Since the early 1990’s these and other initiatives have greatly raised awareness of piracy, increased reporting, and encouraged governmental anti-piracy measures. The initiatives have produced results: the IMB Piracy Reporting Center reports that then number of reported piracy attacks have declined each year for the past three years.
But, piracy still exists. It remains a big problem in several parts of the world. For example, we recently receive a couple of first-hand reports of piracy attacks from Africa:
On 23 February of this year, heavily armed pirates carrying automatic weapons and rocket powered grenade launchers stopped the M/V Rozen off the coast of Somalia. The pirates ordered the crew of 6 Sri Lankans and 6 Kenyans to kneel down and say their final prayers. Fortunately, they were not shot and were held hostage for a ransom. Three days later three other speed boats approached and began firing on the M/V Rozen. The Rozen’s master begged the attackers to stop shooting because they were already being held hostage. His pleas were ignored. They later learned that the three speed boats belonged to the Puntland, Somalia Coast Guard.
In another incident off Somalia, pirates hijacked the M/V Torgelow while it was on its way to deliver supplies to her sister-ship the M/V Semlow. The M/V Semlow had been released by pirates after being held hostage for 101 days. The Torgelow crew was held hostage for 51 days. The Torgelow crew said that the pirates had not physically harmed them, but they were robbed of their cash and personal belongings such as cell-phones, wrist watches and jewelry.

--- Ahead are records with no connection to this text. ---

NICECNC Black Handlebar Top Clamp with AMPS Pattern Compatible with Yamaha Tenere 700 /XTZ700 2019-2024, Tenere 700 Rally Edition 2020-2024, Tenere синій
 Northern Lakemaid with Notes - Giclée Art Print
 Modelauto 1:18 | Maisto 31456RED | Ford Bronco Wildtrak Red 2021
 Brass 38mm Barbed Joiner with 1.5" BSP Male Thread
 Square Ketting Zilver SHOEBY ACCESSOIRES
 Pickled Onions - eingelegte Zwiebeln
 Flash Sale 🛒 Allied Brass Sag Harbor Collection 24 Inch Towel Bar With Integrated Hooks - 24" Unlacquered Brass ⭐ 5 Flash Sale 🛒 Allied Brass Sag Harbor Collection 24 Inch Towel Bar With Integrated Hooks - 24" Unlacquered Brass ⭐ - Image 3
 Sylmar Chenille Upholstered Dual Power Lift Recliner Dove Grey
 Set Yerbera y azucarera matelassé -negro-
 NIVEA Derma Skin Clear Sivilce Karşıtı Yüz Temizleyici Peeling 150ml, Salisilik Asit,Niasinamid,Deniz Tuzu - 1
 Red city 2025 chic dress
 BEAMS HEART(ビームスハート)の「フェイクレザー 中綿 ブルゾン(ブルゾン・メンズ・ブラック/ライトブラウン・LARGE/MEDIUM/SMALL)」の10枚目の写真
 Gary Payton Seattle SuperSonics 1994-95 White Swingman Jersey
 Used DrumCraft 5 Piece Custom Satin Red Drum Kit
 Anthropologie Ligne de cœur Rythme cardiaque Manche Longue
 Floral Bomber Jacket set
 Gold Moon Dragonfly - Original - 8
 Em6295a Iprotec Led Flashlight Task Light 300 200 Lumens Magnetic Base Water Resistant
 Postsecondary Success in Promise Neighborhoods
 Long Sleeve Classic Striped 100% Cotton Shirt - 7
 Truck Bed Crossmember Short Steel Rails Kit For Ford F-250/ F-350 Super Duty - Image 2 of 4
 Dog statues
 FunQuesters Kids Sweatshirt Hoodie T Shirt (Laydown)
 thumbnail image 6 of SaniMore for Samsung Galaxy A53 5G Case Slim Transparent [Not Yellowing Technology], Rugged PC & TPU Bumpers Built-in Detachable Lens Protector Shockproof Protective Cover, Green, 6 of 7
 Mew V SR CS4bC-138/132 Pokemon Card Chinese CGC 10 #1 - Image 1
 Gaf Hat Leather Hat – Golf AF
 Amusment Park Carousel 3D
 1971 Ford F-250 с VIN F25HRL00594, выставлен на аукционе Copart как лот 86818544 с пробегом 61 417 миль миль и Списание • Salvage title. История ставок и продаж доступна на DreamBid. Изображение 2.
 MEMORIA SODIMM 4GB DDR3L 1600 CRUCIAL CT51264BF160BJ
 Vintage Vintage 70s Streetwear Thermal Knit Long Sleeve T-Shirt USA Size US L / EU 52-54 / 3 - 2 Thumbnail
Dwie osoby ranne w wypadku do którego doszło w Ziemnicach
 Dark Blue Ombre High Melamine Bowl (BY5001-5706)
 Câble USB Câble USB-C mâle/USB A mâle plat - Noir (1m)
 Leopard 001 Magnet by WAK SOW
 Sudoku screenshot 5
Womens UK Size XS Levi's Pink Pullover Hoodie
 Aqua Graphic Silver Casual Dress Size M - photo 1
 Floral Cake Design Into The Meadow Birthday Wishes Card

The crews reported that the Somalia pirates were worse than the pirates they had read about in their history books. They said that Somali pirates are well-armed and want ransom money more than ship’s cargo. Fishing vessel crew are also frequent targets of Somali pirates.
These are just a few instances that describe some of piracy’s effects on seafarers. They teach us about the issues victims face after an attack, such as to compensation for stolen property, rights to medical care, fears about continuing sea-going careers, and the psychological and emotional trauma that they suffer.
The maritime industry, international organizations and governments have made much progress in developing piracy reporting systems and guidance on how to minimize the risk of an attack, and what to do during and after. However the post-piracy attack guidance is generally limited to reporting.
I think that there is a great need to expand the piracy related resources to focus on piracy’s effects on seafarers. I propose that the maritime industry establish an office for victims of piracy attacks. The functions of the office could include the following:
- Conduct a comprehensive study of the effects of piracy on seafarer victims, such as their experience with claims for financial losses, the physical and psychological consequences of the attacks, and the medical treatment and counseling provided to them;
- Update research and statistics on piracy victims;
- Promote fundamental rights of victims of piracy;
- Develop guidelines for shipowners on caring for seafarer victims of pirate attacks;
- Provide resources for shipowners and seafarers on specialized counseling and medical care; and
- Provide resources for seafarers on assistance available to them following a piracy attack such as, claims, medical care, counseling and networking.
Such a piracy victims’ resource office would not only ease the burdens on seafarer victims of piracy attacks, but it would also help with recruiting and retaining good seafarers and encourage governments and industry to take actions to reduce the scourge of piracy.